I would guess that this is nothing to do with spellcheckers (which are useful for catching typos, but fairly useless for catching mis-spellings). As this was observed over time, might it not be possible that the decreasing level of literacy may be being exposed by a decrease in the average age of the contributors?
I think some the issue here is that a new generation is showing up with poor literacy skills. The primary schools are under pressure to meet their government mandated competency requirements, budget cuts, and various other issues, and have cut back on some of the basic skills that were once taught.

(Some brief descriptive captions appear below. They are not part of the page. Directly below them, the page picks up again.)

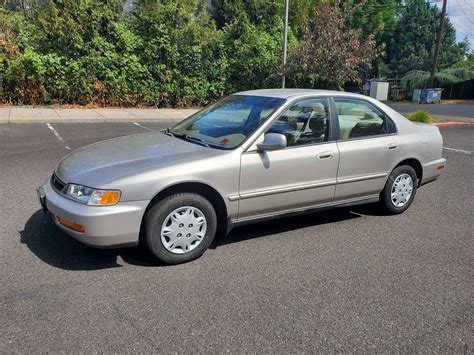 1996 Honda Accord Dxvalue Package Only 94kclean And Simple Top Auto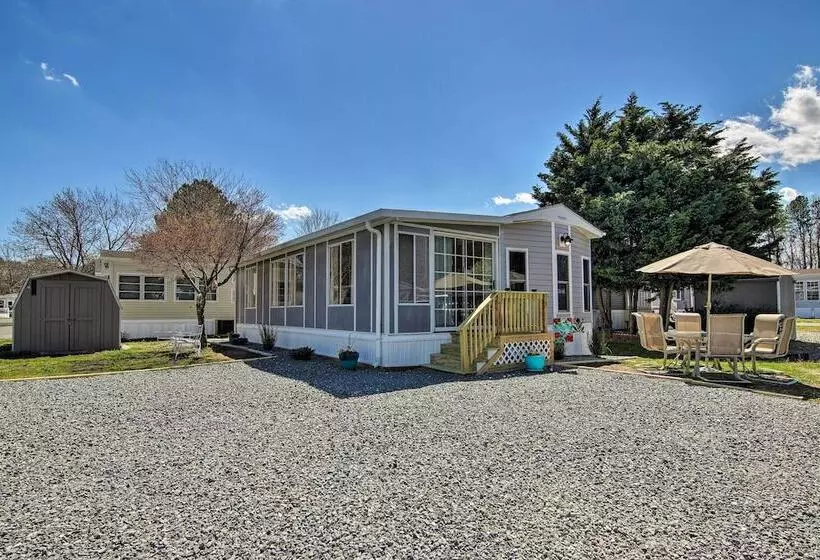 Dog Friendly Ocean Pines Home W/ Pool Access!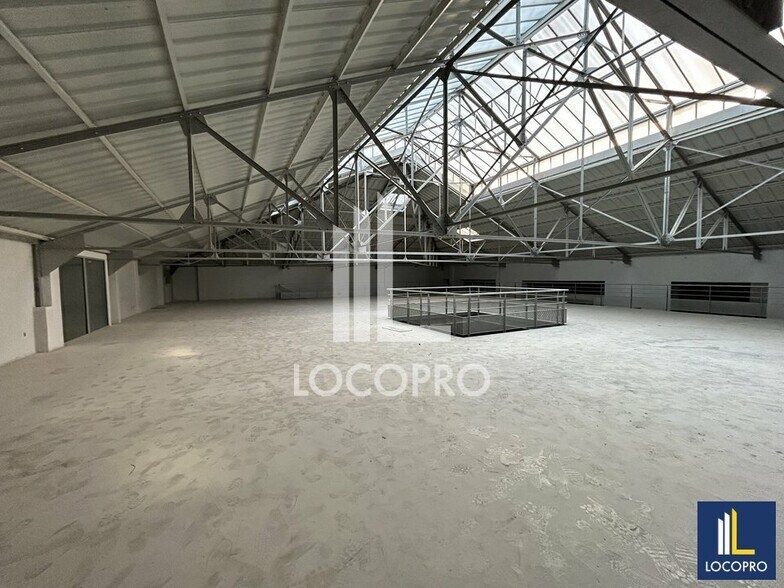 Local commercial dans Cannes à vendre - Photo intérieure – Image 1 sur 4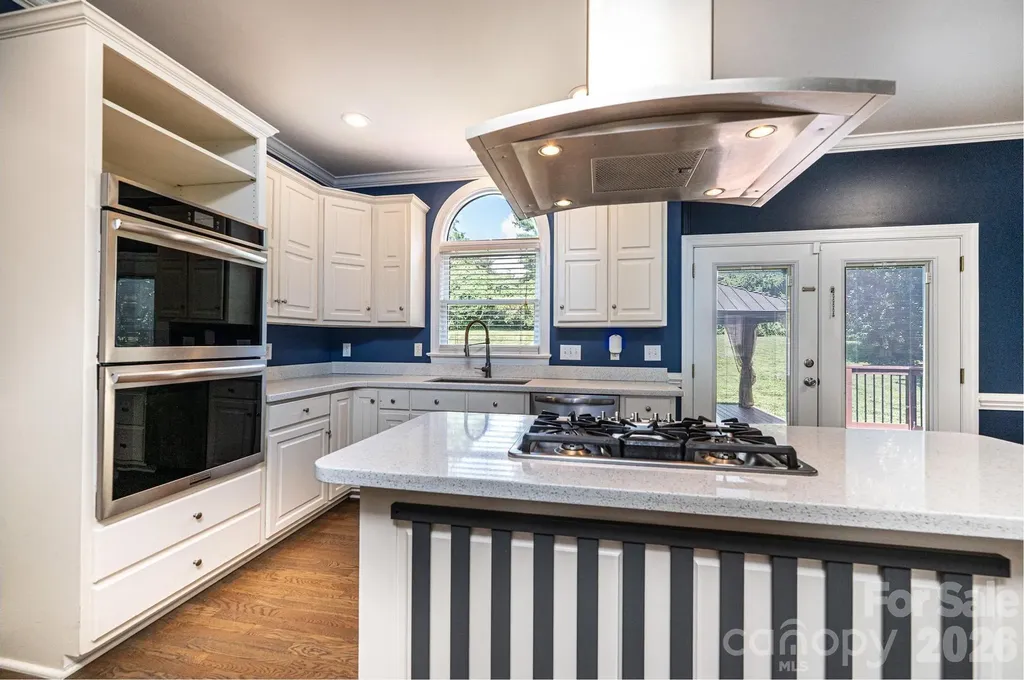 4215 3rd Street NW Hickory NC 28601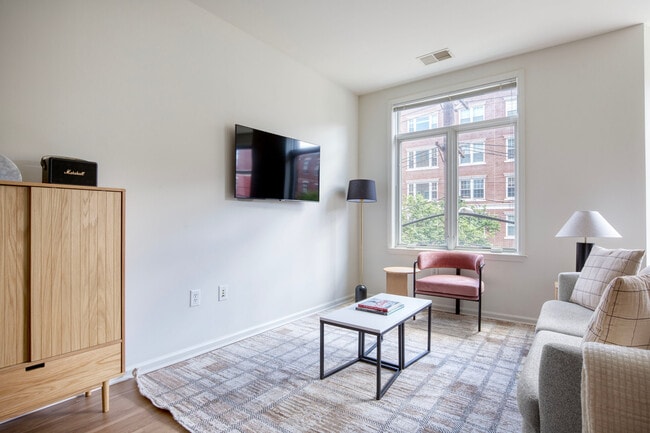 800 Madison St, Unit SI FL2-ID1524 in Hoboken, NJ - Foto de edificio - Building Photo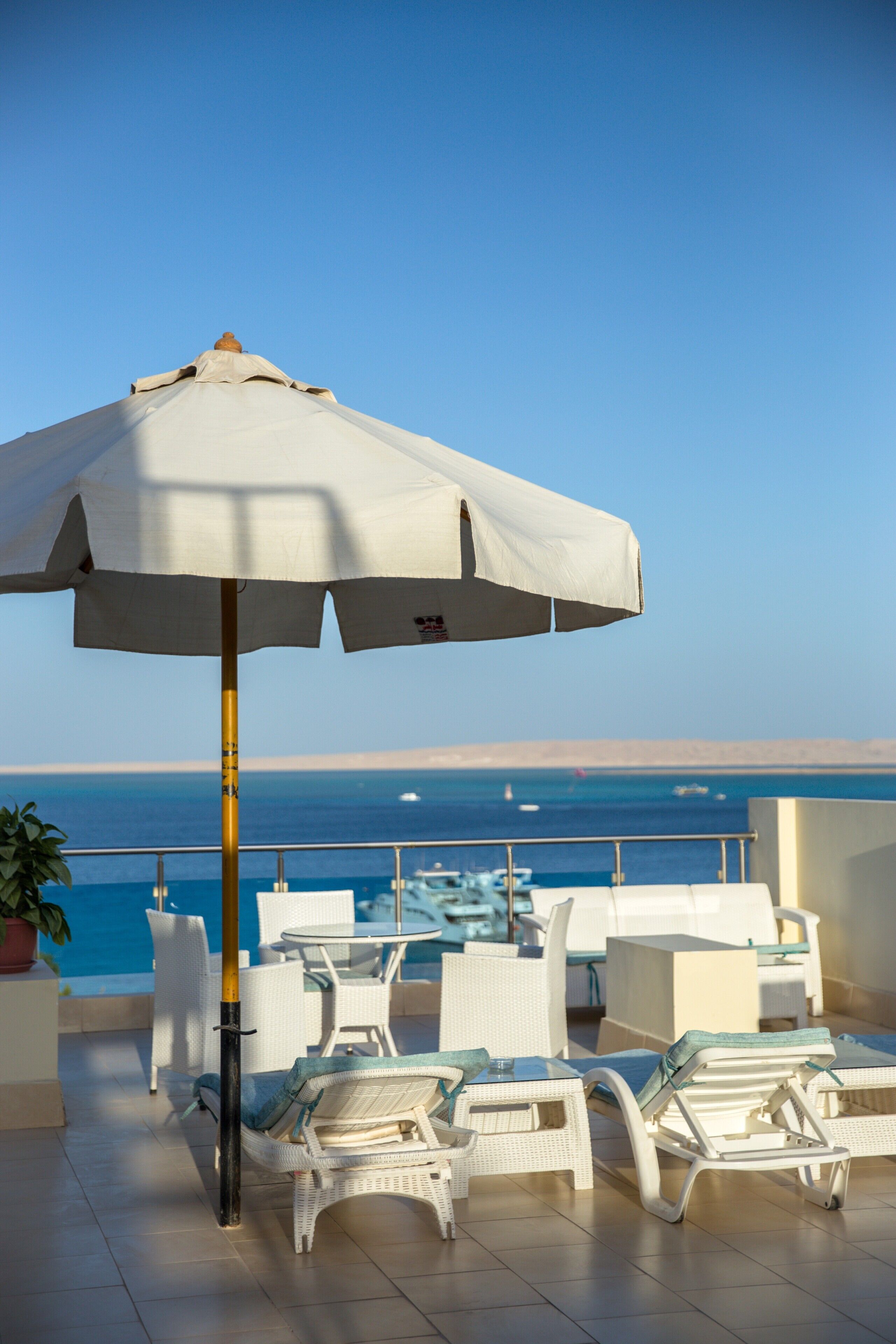 Redcon Suites 3*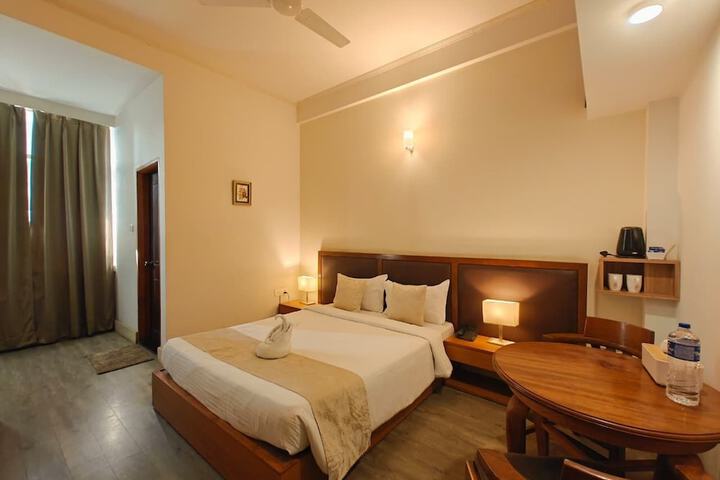 Room 15 of 82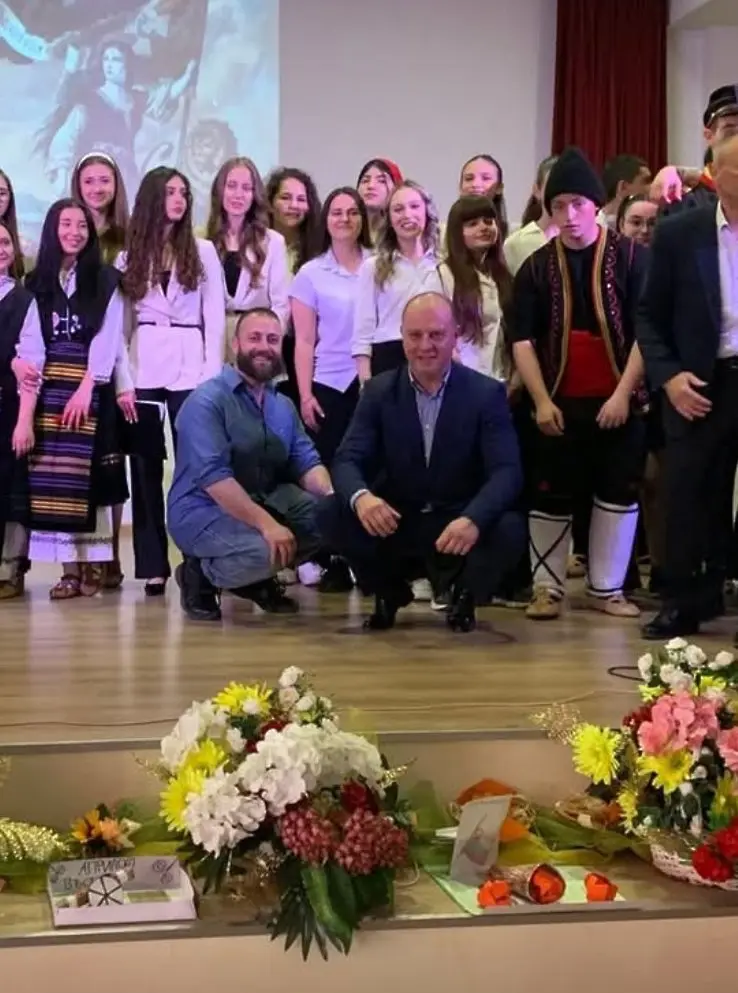 ДФСГ „Интелект“ отбеляза годишнината от Априлското въстание с тържествен спектакъл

I work at a tutoring center / assistance center at a college and it is depressing what students are coming out of high school in their basic literacy skills. Writing skills are non-existing, were some of them do not even know how to hold a pencil correctly and unless there is a computer with a spell checker, their spelling is limited to about the 4th grade level.
I have been seeing this for several years now and these are the people that are replacing the older generation of people who did not have computers as evasive as it is now.
I personally, think that the biggest problem, as a random contributor, is the hostile attacking attitude that wikipedia has for outside contributors. Far too often, I've seen my edits reverted, or, worse, completely blocked due to huge random network-wide ip address blocks (thanks, Alison, you f#$$#% b$^%$). I don't bother editing articles anymore -- and if I do manage to luckily slip past one of the huge ip network blocks, I expect that my contributions will be destroyed in some political fight, so I might just comment on the discussion page, if I really feel strongly about it.
I use wikipedia on a daily basis, but due to the hostile attitude and blatant biases, I don't trust it, and I've mostly given up on it. It's become just another website for me -- there are other, more specialized websites out there -- which sometimes have higher quality information.
Another possible reason for more errors, aside from nobody giving a damn about wikipedia anymore, is that Firefox, with its built in spell checker, is declining in use, in favor of Chrome. Chrome doesn't max out the cpu and destroy batteries like Firefox -- but it also doesn't have a built in spellchecker.
I've noticed many more spelling errors in online news articles recently. I'm not talking about blogs, but actual news publications, including AP articles. Most of the errors are the type where a word is spelled correctly, but it's obviously the wrong word, and an automated spell checker wouldn't catch it. Ex: "It was am important step..."
Before yesterday it had referred to a web-based chat called cg:irg for a year.
It's sad. Through all this web content, I am slowly unlearning how to spell or use proper grammar.
English teachers / professors (with a few exceptions) used to be my arch-enemies (as a math / science person) and wished them all a pleasant, if sudden, death for their batshit-insane insistence on making mountains out of molehills (i before e, except after c; can't end a sentence with a preposition; this {subject}) with regards to the language, and yet lately I finding myself wishing there were more of them.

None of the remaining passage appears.